There’s nothing static about a company’s staff, but keeping up with access rights, especially in large enterprises, can be a hassle.

I spoke with Robert Haaverson about the problems with managing Active Directory groups, the options available, and best management practices.

Enterprise Strategies: What’s involved in managing Active Directory groups, and why is it so difficult?

The difficulty in managing Active Directory Groups can be traced back to the volatility of users: they are always getting hired, changing jobs, getting promoted, and relocating. The more a user changes, the less likely they’re in the correct distribution and security groups. Users will always tell IT what new groups they need to be in but rarely suggest the ones that they should be taken out of. This creates security and productivity holes.

This problem is exacerbated by massive changes such as a company re-organization or a new government administration. Imagine a new Executive Office administration coming in with almost 100 percent new employees. Getting these new users in the correct groups could possibly take the entirety of the administration!

What options does IT have for managing Active Directory groups? What are the pros and cons of each?

There are a couple of ways that organizations currently manage groups in Active Directory.

The first option is that IT doesn’t do anything but manage the most obvious and important groups. This approach does not take a lot of IT time so it costs very little. However, an organization will get almost none of the value that accurate group membership can bring

The second option is to have system administrators manually manage group memberships. Groups are generally very accurate, thus increasing productivity and security, but this is an expensive option that takes a lot of time and resources of highly paid and highly trained IT personnel and the user.

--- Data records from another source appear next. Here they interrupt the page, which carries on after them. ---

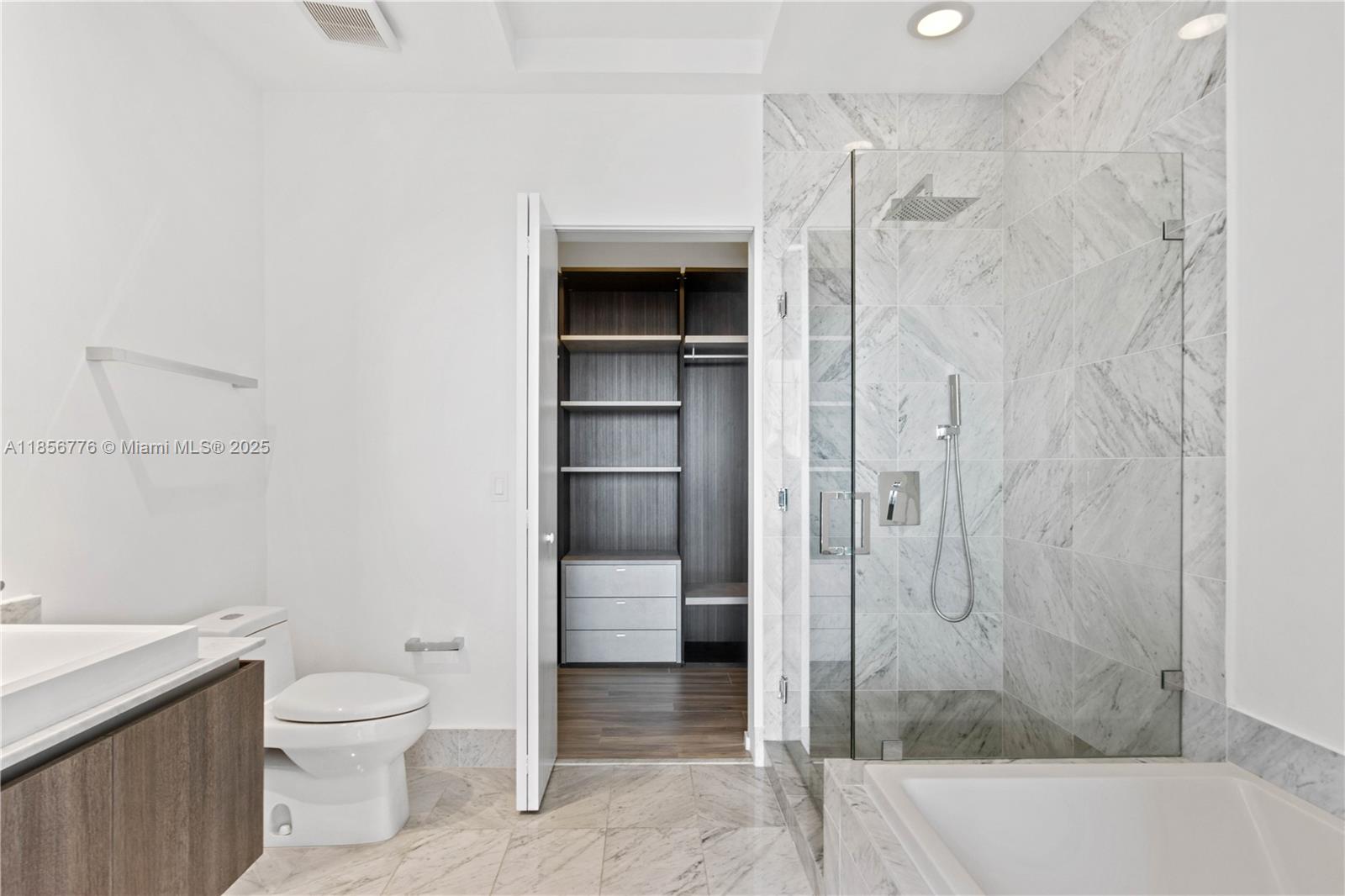 801 S Miami Ave #5009, Miami FL 33130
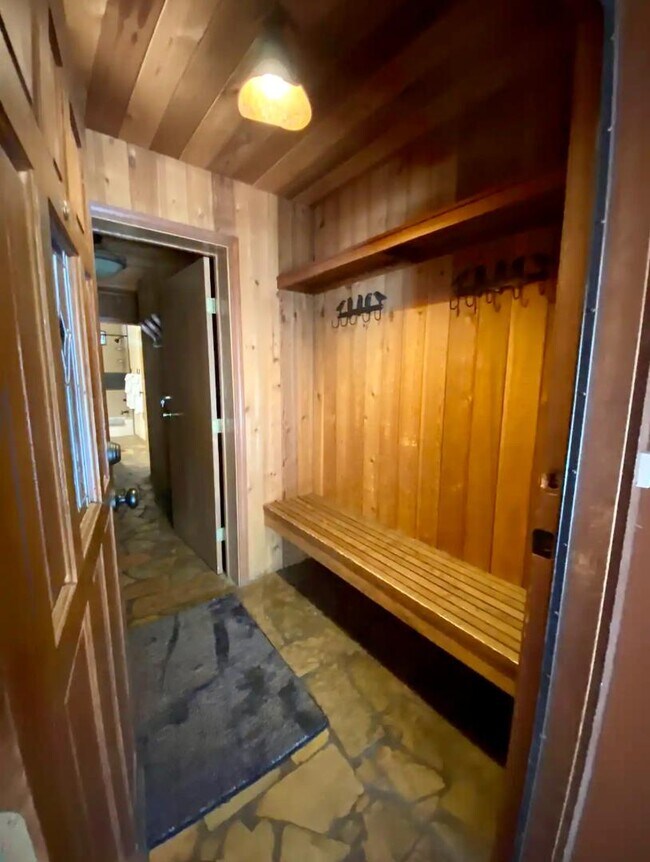 Foto del edificio - 12250 Snowpeak Way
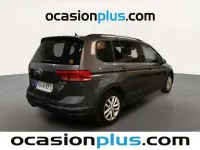 Usado VW Touran Advance 150 CV (110 kW) 2017 Gris Monovolumen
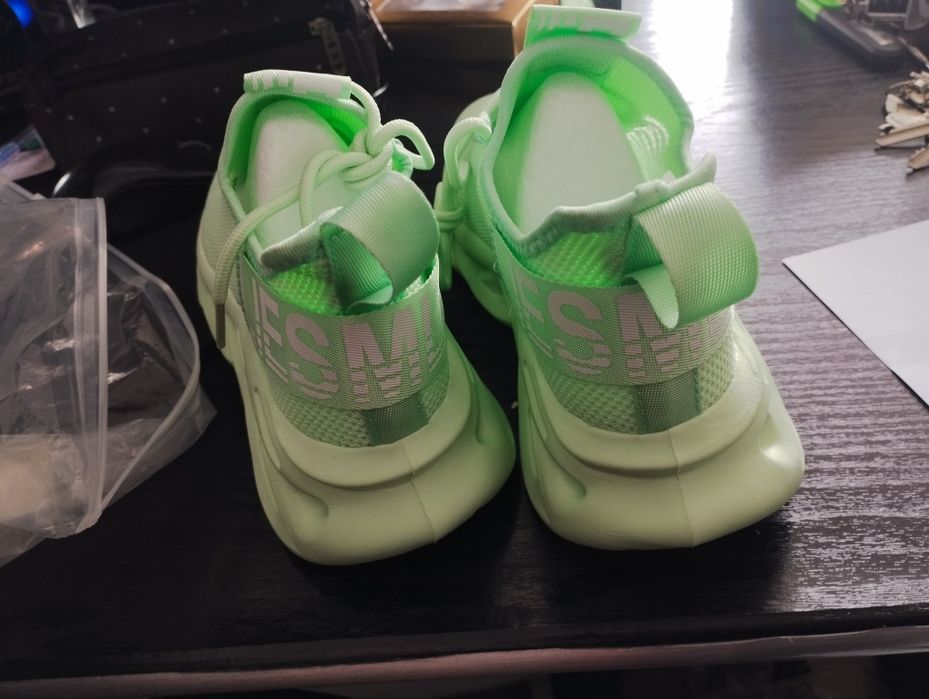 Adidași noi mărimea 38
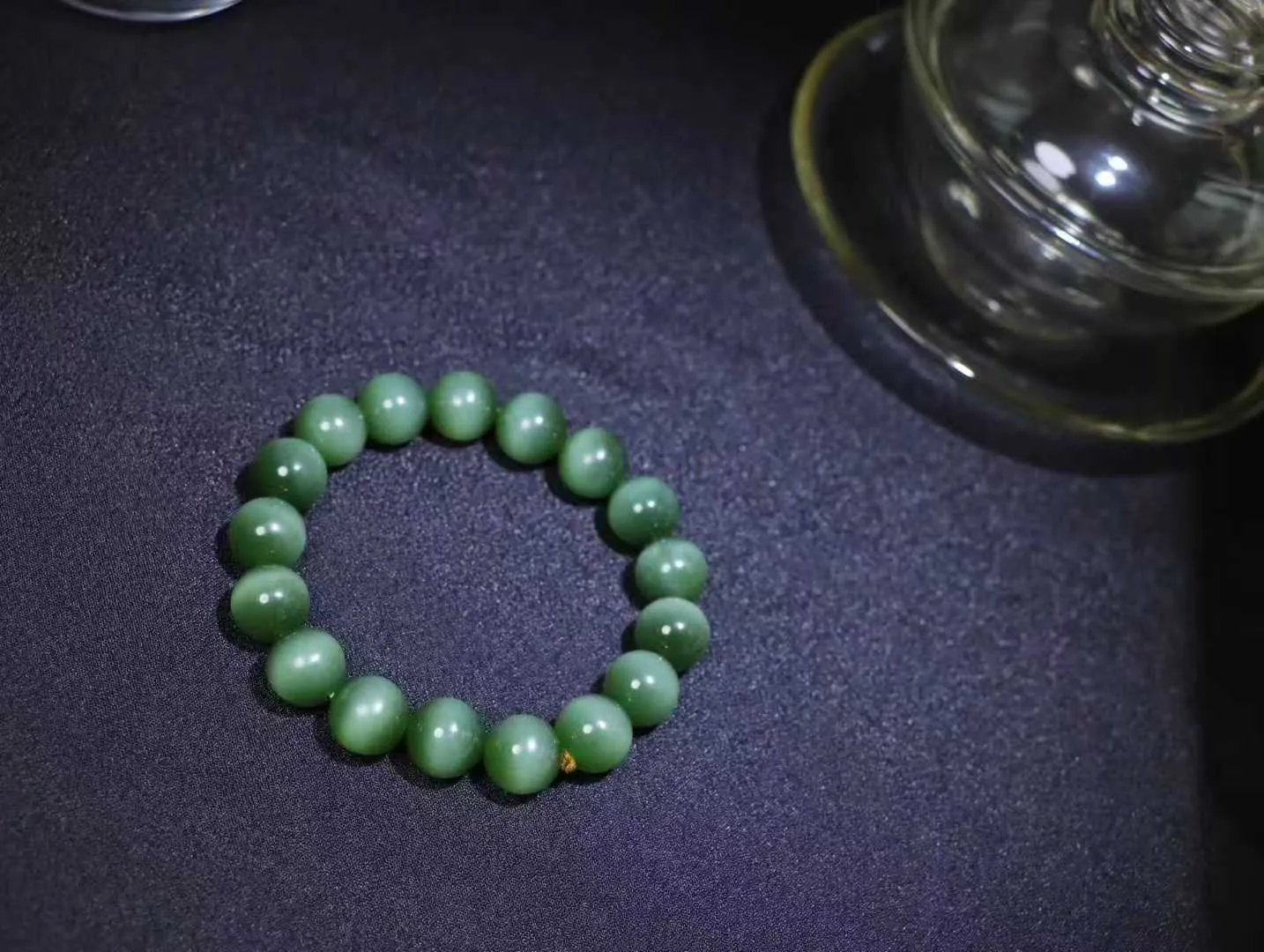 【腕间风华.手串】

精品️和田玉碧玉猫眼圆珠手串，天然纯净，玉质细腻，圆润如珠，佩戴于腕间，尽显高贵气质。无论是日常搭配还是重要场合，都是您优雅风范的点睛之笔。

重46.8克  尺寸取一12mm  O82420612583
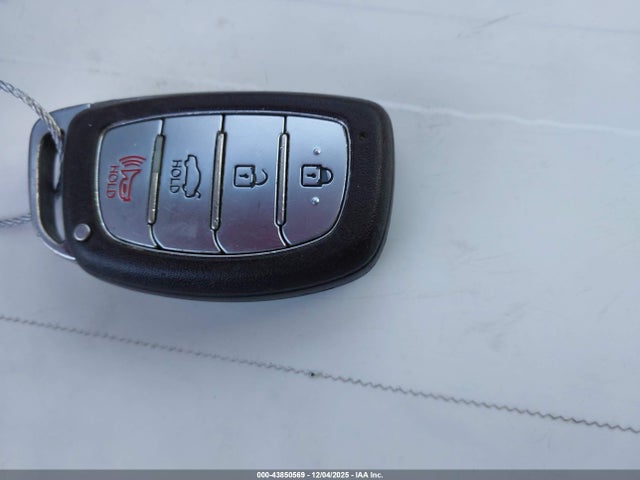 Hyundai Elantra Limited 2016 KMHDH4AE0GU567819 Image 11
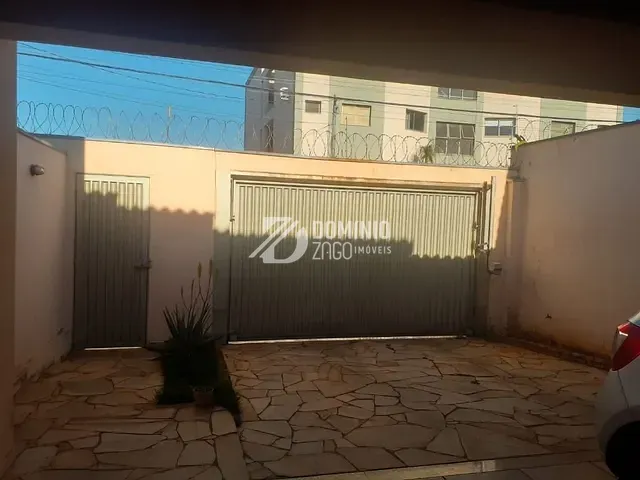 Casa com 300m² 3 quartos e 4 banheiros, à venda, no bairro Vila Alvorada em Uberaba
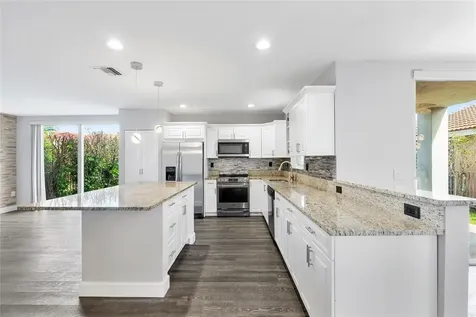 11571 NW 4th Manor Coral Springs FL 33071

Finally, IT can use a group management solution, either written internally or bought off the shelf. On the plus side, groups are generally very accurate thus increasing productivity and security, and this approach places very little strain on IT. Be careful, however; if the solution is written in-house, it is rarely scalable or supportable; if you buy a product off the shelf, it might not be customizable enough for your organization

What best practices can you suggest for managing Active Directory groups?

The most important step in a solid group management solution is to automate the groups that can be automated. To do this, Active Directory needs to be accurate and complete. A method to manage dynamic groups through queries will ensure that you can automate approximately 80 to 85 percent of distribution and security groups. For example, all HR directors in the Southwest region; if a new hire meets the criteria of department=HR, title=director, and state=AZ, they are automatically put into that group.

The second step is to use the wisdom of your end users and offer a means for self-service for group creation and membership. A portal where group owners can manage their group memberships and a user can opt-in to a group is essential for groups that cannot be automated. You have to have controls in place as to which groups can be opted into, who can create groups, and other means for IT to control the process.

These two steps to manage dynamic and static groups are essential during the useful lifespan of a group, but you have to have a way to expire and ultimately delete a group once it has outgrown its business usefulness. You will need a lifecycle management capability to expire and renew groups and to track their usage.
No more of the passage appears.